#### TASK MATERIAL ####

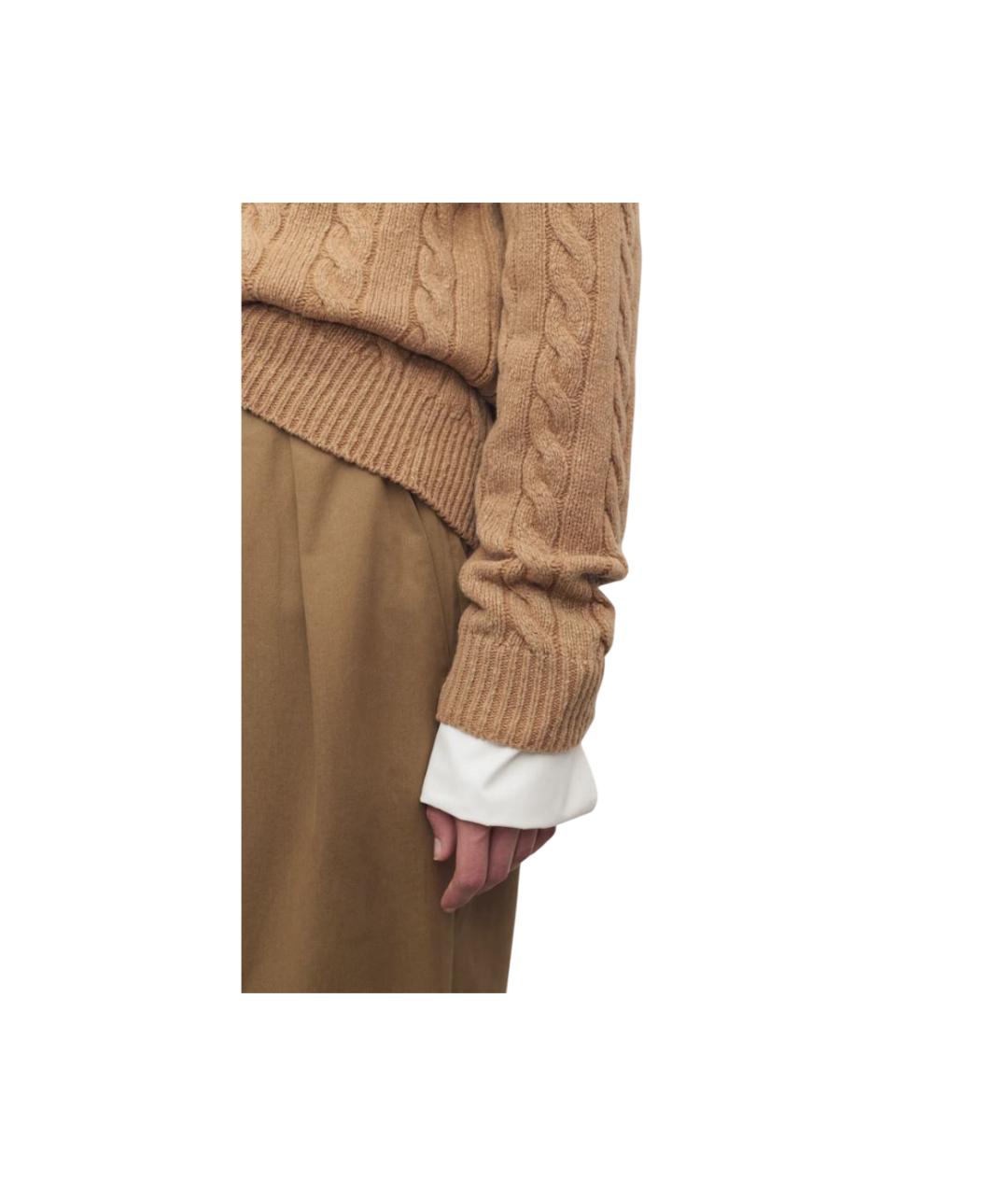 THE ROW Бежевый шерстяной кардиган, фото 3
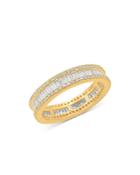 Bloomingdale's Diamond Round & Baguette Eternity Band In 14k Yellow Gold, 1.0 Ct. T.w. - 100% Exclusive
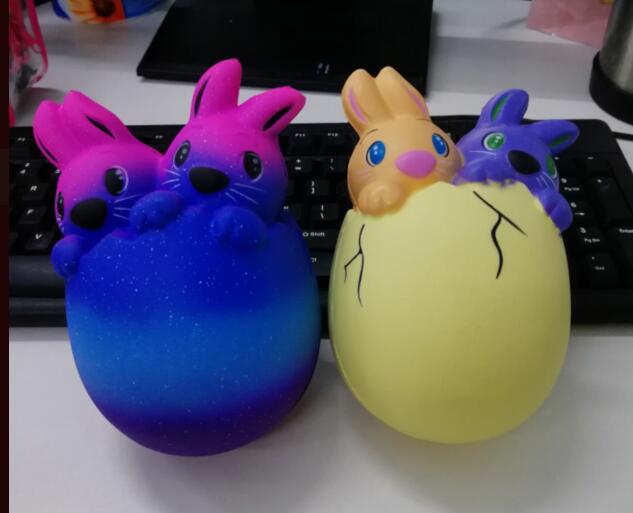 THINKMAX 2pcs Kawaii Soft Scented Squishies Jumbo Stress Relief Squeeze Toy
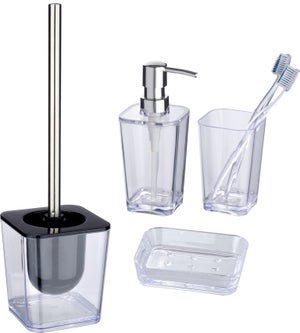 GUY LEVASSEUR Set de salle de bain 9x9x14cm distributeur et porte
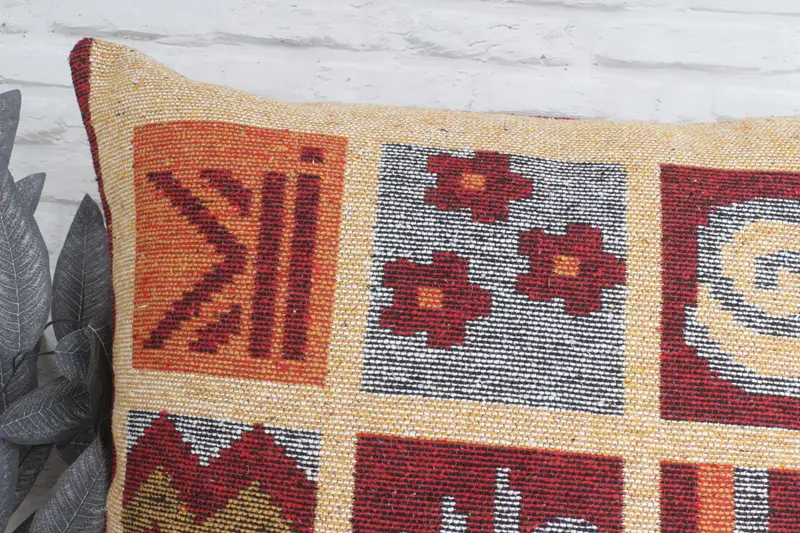 28x28 Beige Pillow Case, Office Chair Pillow Sham, Throw Kilim Pillow, Neutral Pillow Case, Boho Pillow, Cushion Cover, Kilim Pillow - 2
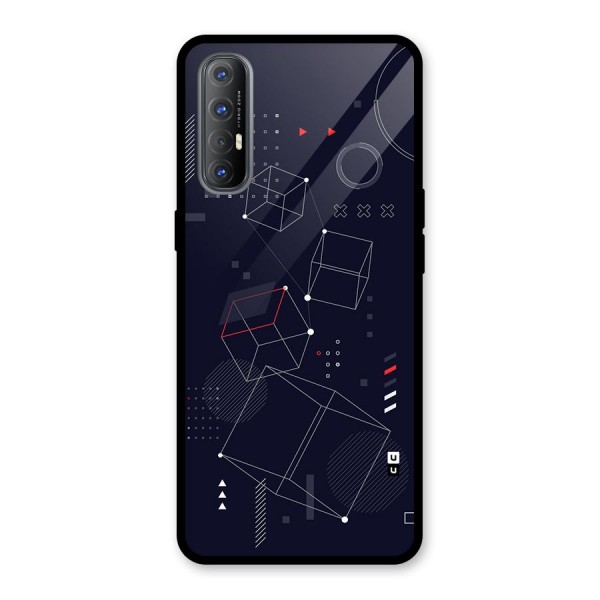 Royal Abstract Shapes Glass Back Case for Oppo Reno3 Pro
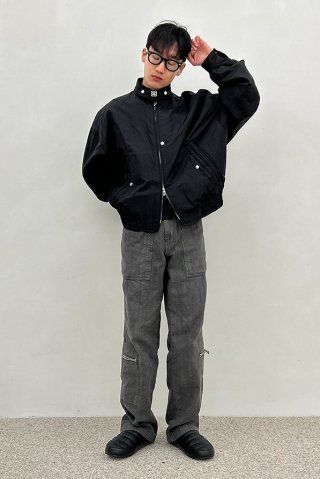 MUSINSA公式 | SATUR Santee Nylon Oversized Blouson MA-1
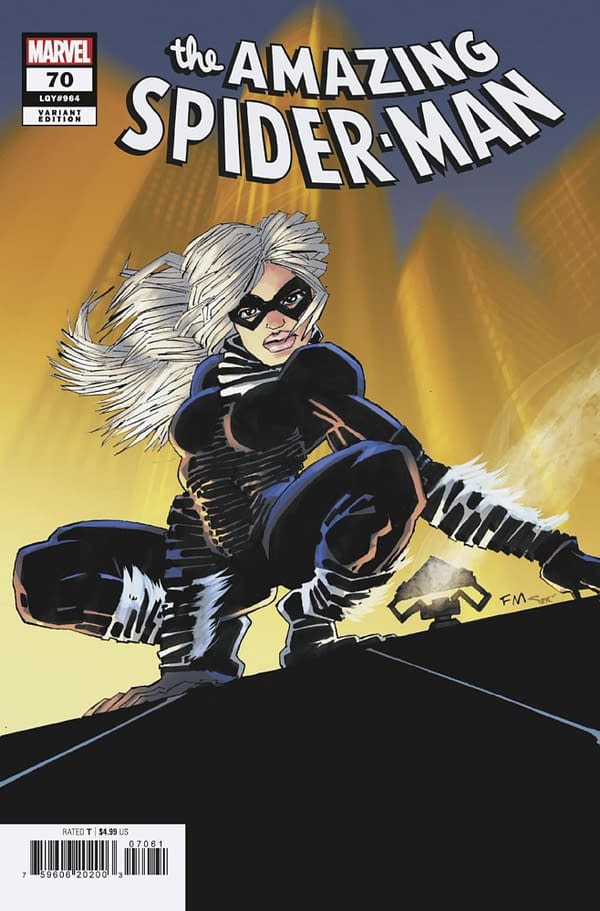 Frank Miller Draws Black Cat For Amazing Spider-Man #70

####

**EXERCISE AIM:**
Starting with the line that holds "Bloomingdale's Diamond Round", retype each line through the last one in the listing above, exactly as written. Do not copy any pictures.

**SOLUTION FOR THIS TASK:**
 Bloomingdale's Diamond Round & Baguette Eternity Band In 14k Yellow Gold, 1.0 Ct. T.w. - 100% Exclusive
 THINKMAX 2pcs Kawaii Soft Scented Squishies Jumbo Stress Relief Squeeze Toy
 GUY LEVASSEUR Set de salle de bain 9x9x14cm distributeur et porte
 28x28 Beige Pillow Case, Office Chair Pillow Sham, Throw Kilim Pillow, Neutral Pillow Case, Boho Pillow, Cushion Cover, Kilim Pillow - 2
 Royal Abstract Shapes Glass Back Case for Oppo Reno3 Pro
 MUSINSA公式 | SATUR Santee Nylon Oversized Blouson MA-1
 Frank Miller Draws Black Cat For Amazing Spider-Man #70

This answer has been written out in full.